**Exercise**
Begin at the line below that has "Talens - Ecoline". Stop after the line that has "FORD F-150 2013 - 1FTFW1EF6DFD17103", repeating each line exactly and leaving out the pictures.
___ Input data ___
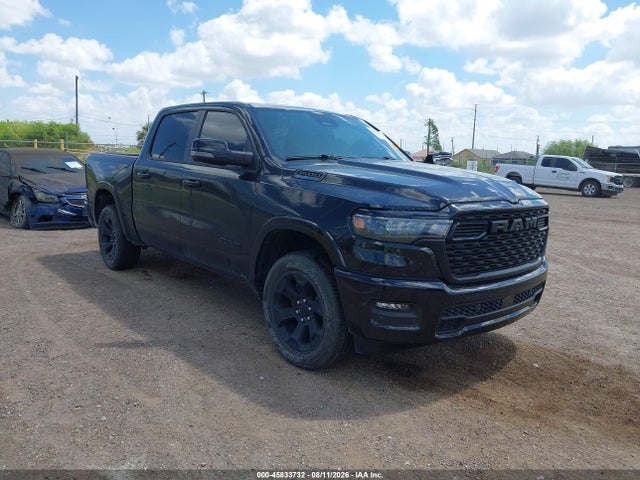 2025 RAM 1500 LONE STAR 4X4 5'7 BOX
___
___ Input data ___
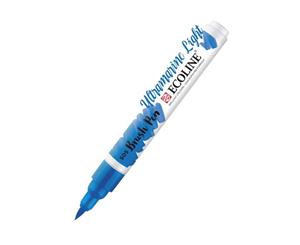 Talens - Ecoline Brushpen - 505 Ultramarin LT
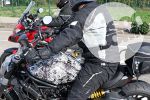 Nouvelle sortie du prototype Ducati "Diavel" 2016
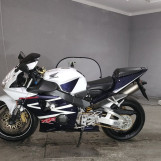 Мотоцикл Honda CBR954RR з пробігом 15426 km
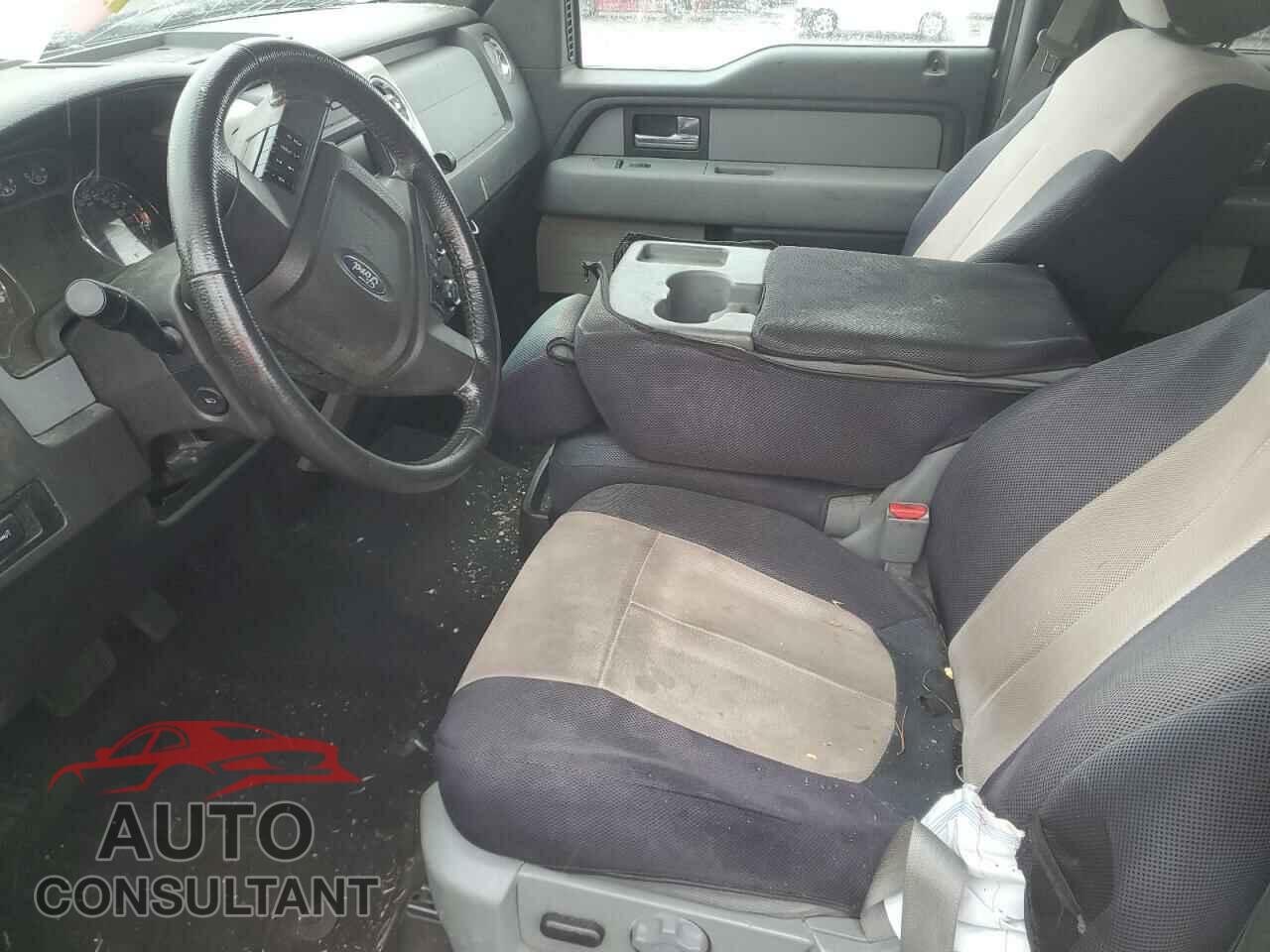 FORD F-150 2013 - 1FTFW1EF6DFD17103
___
___ Input data ___
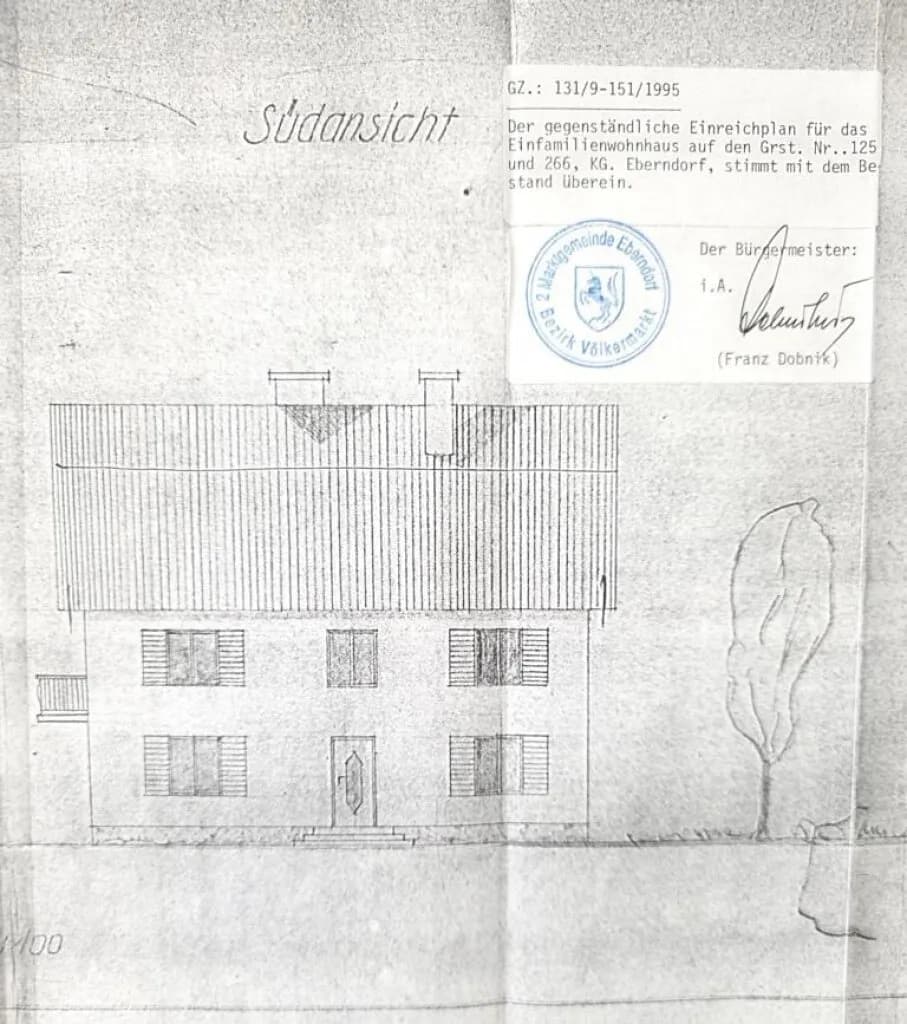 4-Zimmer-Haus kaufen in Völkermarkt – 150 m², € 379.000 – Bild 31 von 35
___
**Exercise solution**
 Talens - Ecoline Brushpen - 505 Ultramarin LT
 Nouvelle sortie du prototype Ducati "Diavel" 2016
 Мотоцикл Honda CBR954RR з пробігом 15426 km
 FORD F-150 2013 - 1FTFW1EF6DFD17103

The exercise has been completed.